Dataset content =
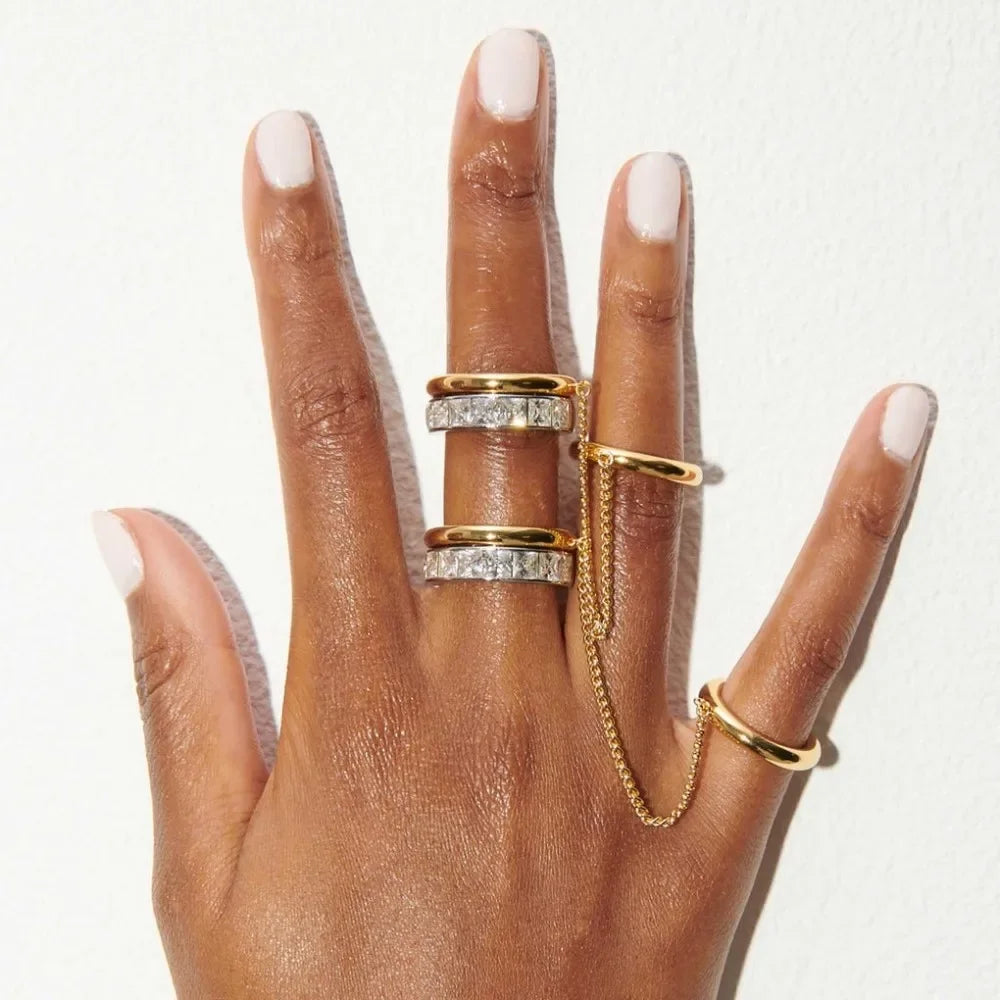 Anel Corrente Dourado com Zircônias – Estilo Contemporâneo e Sofisticado | Saint Carvalho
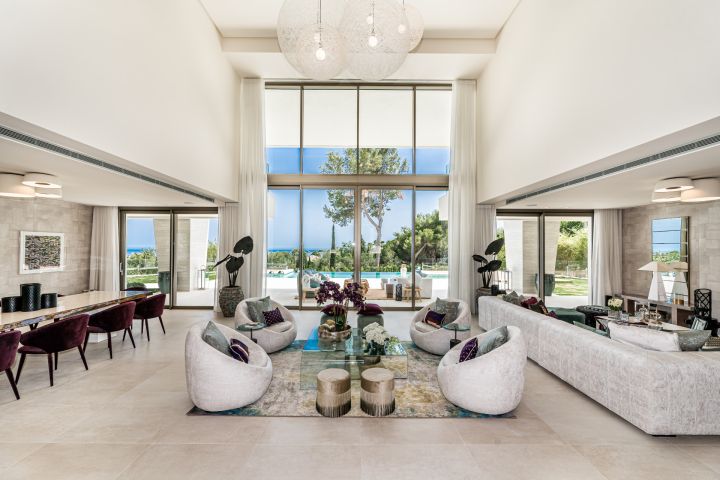 Villa con 6 dormitorios y 7 baños - Encantadora casa dentro de la exclusiva comunidad de Sierra Blanca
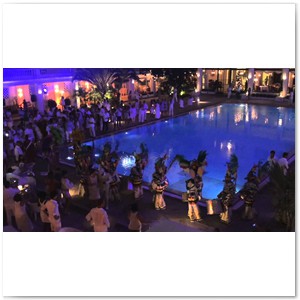 REVEILLON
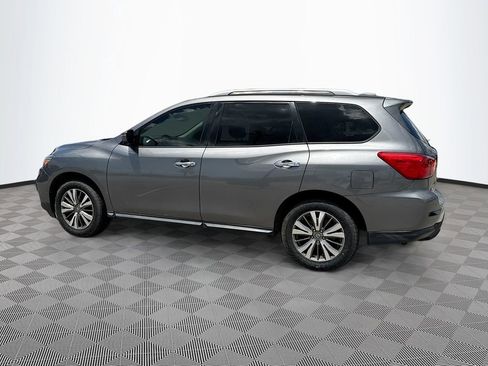 Used 2019 Nissan Pathfinder SL FWD image 6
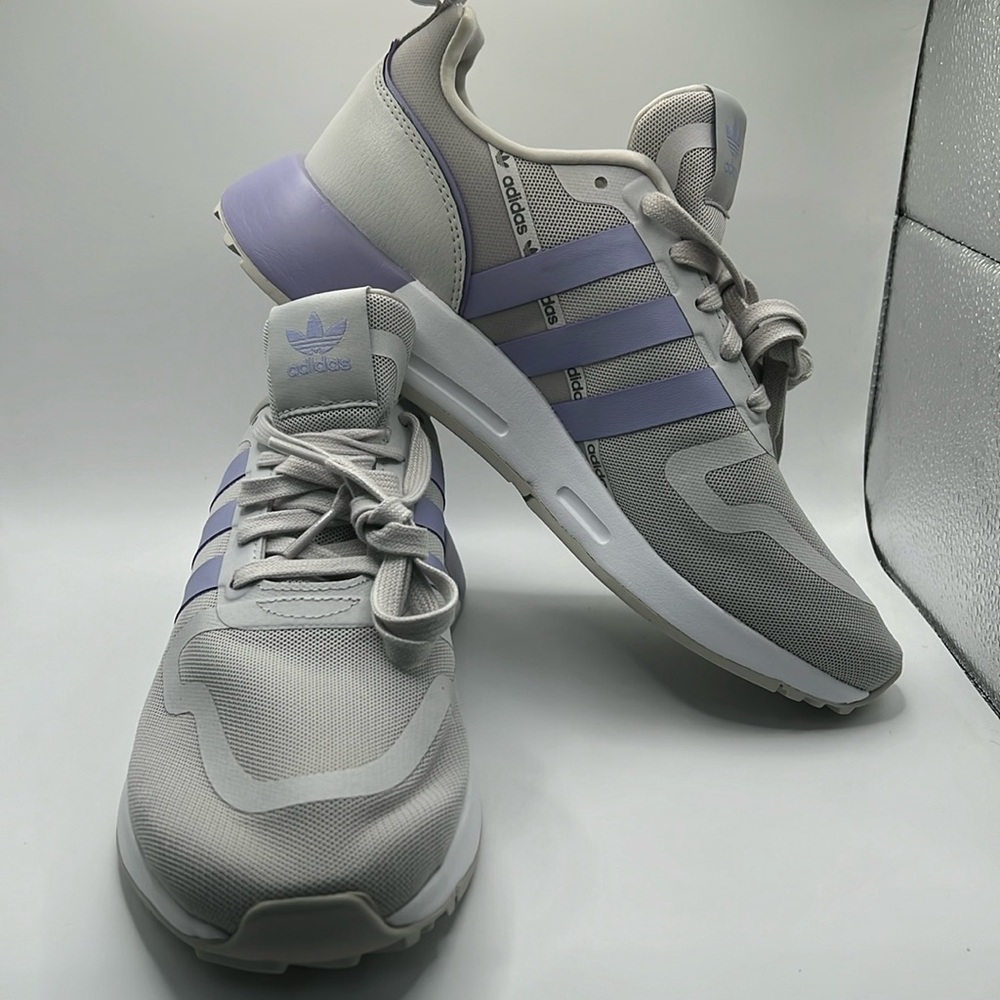 adidas Women's Light Gray and Lavender Athletic Shoes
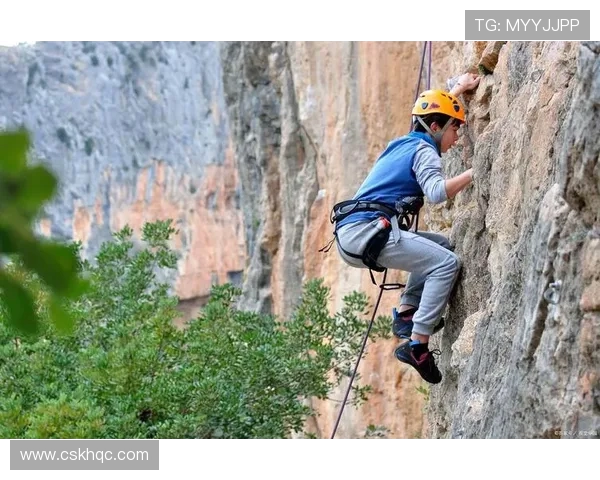 攀岩心理素质探讨：北京攀岩队如何应对挑战与压力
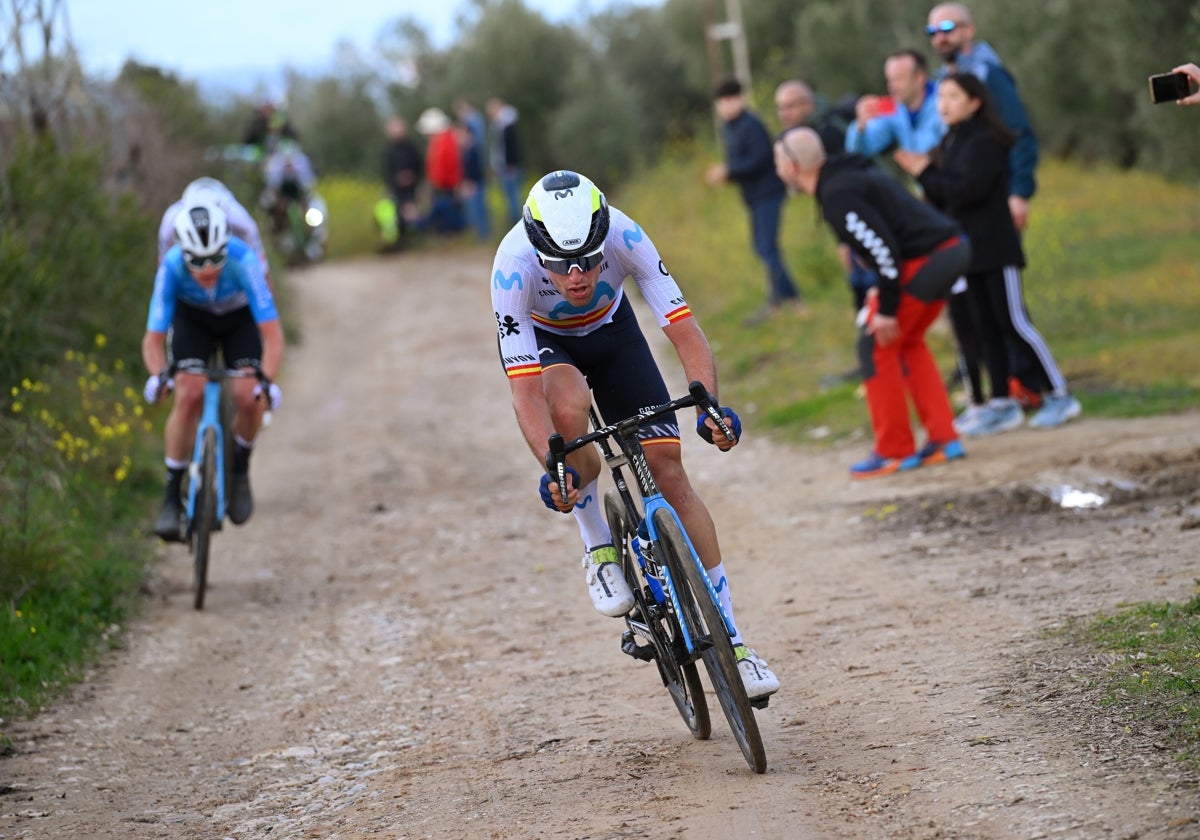 Oier Lazkano por los caminos de tierra de la Clásica de Jaén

Problem to work on =
When you retype the listing above, keep each line exactly as written and drop the pictures.

Task result =
 Anel Corrente Dourado com Zircônias – Estilo Contemporâneo e Sofisticado | Saint Carvalho
 Villa con 6 dormitorios y 7 baños - Encantadora casa dentro de la exclusiva comunidad de Sierra Blanca
 REVEILLON
 Used 2019 Nissan Pathfinder SL FWD image 6
 adidas Women's Light Gray and Lavender Athletic Shoes
 攀岩心理素质探讨：北京攀岩队如何应对挑战与压力
 Oier Lazkano por los caminos de tierra de la Clásica de Jaén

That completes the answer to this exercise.